煌き揺れるそれら美しい星々をなにげなく仰ぎ見るうちに、なぜか私は突然奇妙な幻想に捉われた。あるものは群をなし、またあるものはひとつだけぽつんと離れて明滅する星明りのいずれもが、頭上はるかなところに位置する天空の村々の民家の灯であるように思われてきたのである。そして、いつしか私はそれらの星々の輝きに不思議な懐かしさとでも言うべきものを覚えはじめたのだった。
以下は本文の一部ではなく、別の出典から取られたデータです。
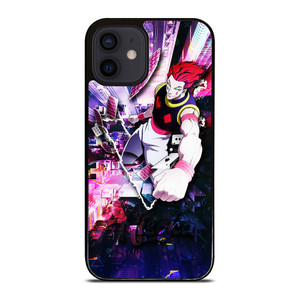 HUNTER X HUNTER HISOKA ANIME iPhone 12 Mini Case HUNTER X HUNTER HISOKA ANIME iPhone 12 Mini Case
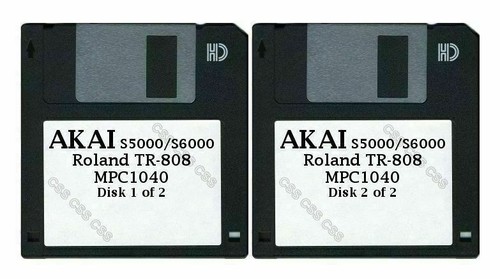 Akai s5000 s6000 - akai,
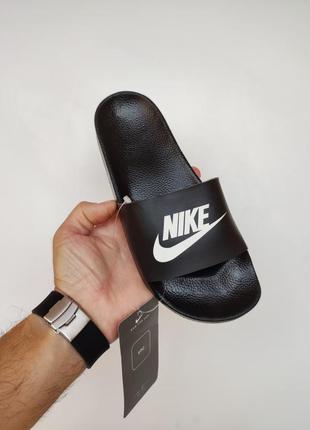 Шльопанці nike5 фото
その時の気持ちをいったいどう表現したらよいのだろう――そう、あえて一口に言えば、それら天の灯火の揺れ瞬く遠い遠い村々に、私というこの不可思議な存在のほんとうのルーツを発見しでもしたかのような懐かしさを感じたのだった。四十億年近く前にこの地球上のどこかに誕生し、現在の私の命の根源となった原初生命体のさらなる源を探しあてたような思いになったというのがより正確なところだったかもしれない。
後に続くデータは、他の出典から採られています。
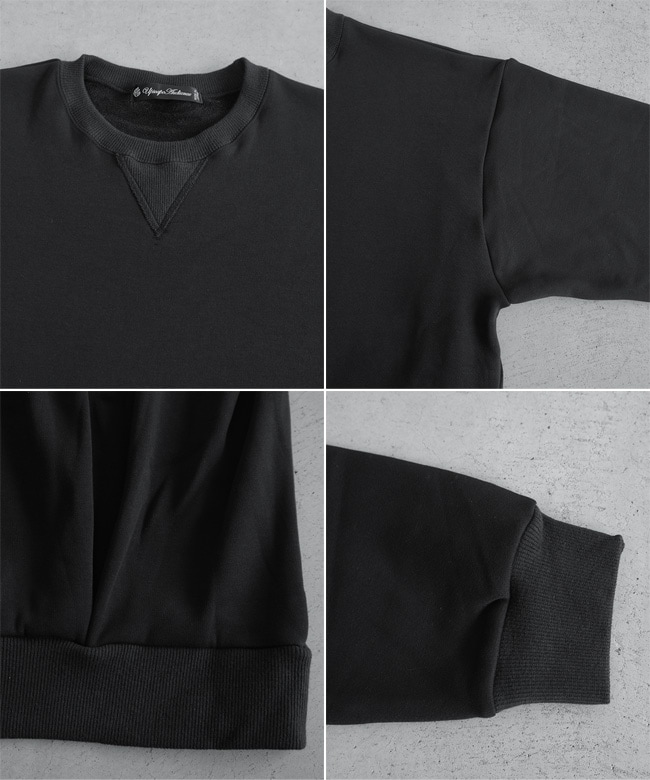 SALE 30%OFF】Audience(オーディエンス) ボンバーヒート爆暖裏起毛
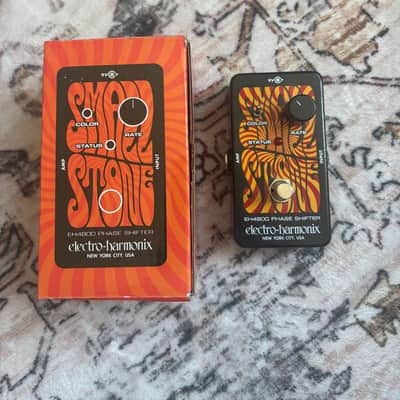 Electro-Harmonix Nano Small Stone EH4800 Phase Shifter V2 | Reverb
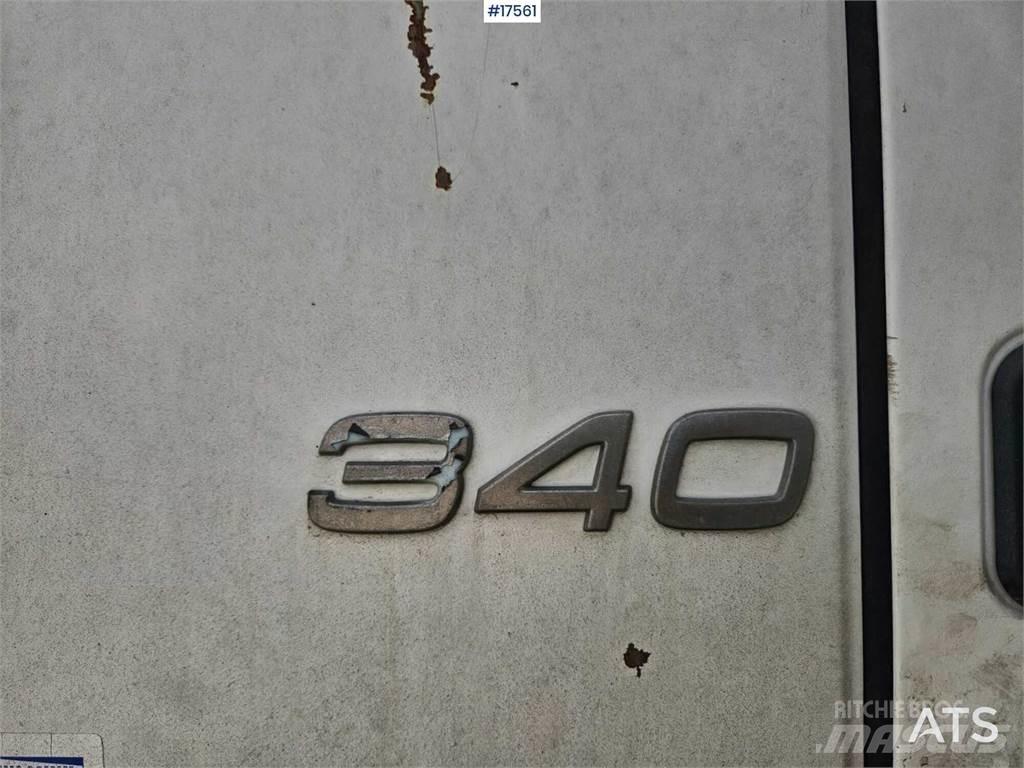 Volvo FM 340 Kamioni mešalice za beton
そんな夢想に駆られながら、身を切るような寒さも忘れて冬空を見上げているうちに、天の奥にあってひときわ澄んだ光を発する群星が目にとまった。それは清少納言の枕草子にも登場する昴(すばる)だった。よく知られているように、「すばる」という呼称は「統(す)ばる」、すなわち、「ひとつにまとまる」という意味をもつ古い和語がもとになったと言われる。また、「すばる」に「昴」という漢字が当てられているのは、この星団のが中国では古来「昴宿(ぼうしゅく)」と呼ばれていたからである。
天文学の世界で「プレアデス散開星団」として知られる昴は、牡牛座の一等星アルデバランの近くにあり、肉眼では数個の青い星々の集団に見える。実際には120個ほどの恒星からなる星団で、解像度のよい双眼鏡などを用いれば70個前後の星々を確認することができる。距離は意外に近く、地球から410光年ほどのところに位置している。宇宙の中では新しい星に属し、誕生してからまだ6000万年ほどしか経っていないと考えられている。肉眼でも見えるいくつかの青白い星々は太陽の十数倍もの質量があって、その猛烈な活動のゆえに寿命はあと1000万年ほどであり、最後には超新星爆発を起こして宇宙に飛散し消滅すると予想されている。
もっとも、この晩の私にとっては、昴という散開星団についてのそんな天文学的知識などはどうでもよいことであった。安曇野の一隅に立って神秘的な輝きを放つ昴をじっと仰ぎ見ているうちに、いつしか私は、死後に自らの魂が行きつくところがあるとすれば、昴の瞬くあのあたりなのではなかろうかという夢想とも妄想ともつかないおもいへと沈んでいった。
私は、死んだあとのことは死んでみてからでなければわからないという不可知論者だから、べつに死後も自分の魂が存在し続けるであろうなどと信じているわけではない。ただ、もしもそんなことがありうるとするならば、この小さく愚かなおのれの魂の行き着き眠る奥津城(おくつき)、すなわち終の墓所となるべきに地は、昴の瞬くあのあたりこそが相応しいのではないかという気がしたのだった。そうすれば、昴をかたちづくる星々がやがて超新星爆発によって無窮の大宇宙へと飛散し消滅していくときには、私の魂もまた粉々になって母なる大宇宙の胎内に再び回帰していくことになるに違いないとも思われたからである。